The Einstein equations for empty space with a cosmological constant \( \varLambda \) are

$$ R_{\mu \nu } - \frac{1}{2}Rg_{\mu \nu } +\Lambda g_{\mu \nu } = 0. $$

(8.173)

1. (a)

   Use curvature coordinates and solve the Einstein field equations with a cosmological constant for a static spacetime with a spherically symmetric 3-space outside a spherical body with mass M.

2. (b)

   The solution of Einsteins field equations with a cosmological constant in globally empty space, i.e. with \( M = 0 \), is called the de Sitter spacetime . Introduce a de Sitter radius \( R_{\Lambda } = \sqrt {3/\Lambda } \). Give a physical interpretation of this radius and calculate how large it is in a universe where the value of the cosmological constant corresponds to a density of LIVE equal to the average density of the masse and vacuum energy of the universe, \( \Lambda = 10^{ - 52} \) m⁻².

1. 8.5.

   The perihelion precession of Mercury and the cosmological constant

1. (a)

   Show that the orbit equation for free particles moving outside a spherically symmetric body with mass M has the form

   $$ \frac{{{\text{d}}^{2} u}}{{{\text{d}}\phi^{2} }} + u = \frac{M}{{L^{2} }} + 3Mu^{2} - \frac{\Lambda }{{3L^{2} u^{3} }}, $$

   (8.174)

   where \( u = 1/r \), and L is the angular momentum per unit mass for the particle.

2. (b)

   Assume that the orbit can be described as a perturbation of a circle and calculate the precession angle per round trip.

3. (c)

   Estimate the contribution to the precession of Mercury’s perihelion from the cosmological constant if we assume that the value of the cosmological constant is \( \Lambda \approx 10^{ - 52} \) m⁻².

1. 8.6.

   Relativistic time effects and GPS

Calculate the magnitude of the kinematical and gravitational time effects upon the GPS satellite clocks. Are standard clocks on the GPS satellites going slower or faster than a standard clock at rest on the surface of the Earth.

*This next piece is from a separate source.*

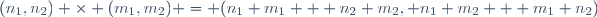 (n_1,n_2) \times (m_1,m_2) = (n_1 m_1 + n_2 m_2, n_1 m_2 + m_1 n_2)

To compute the position of an object by means of the GPS system with a precision of 1 m, the GPS satellite clocks must measure time with a precision of one part in 10¹³.

Are the relativistic effects so small that they can be neglected?

1. 8.7.

   The photon sphere

The photon sphere is defined as a spherical shell made up of light moving horizontally in the Schwarzschild spacetime. Calculate the radius of the photon sphere.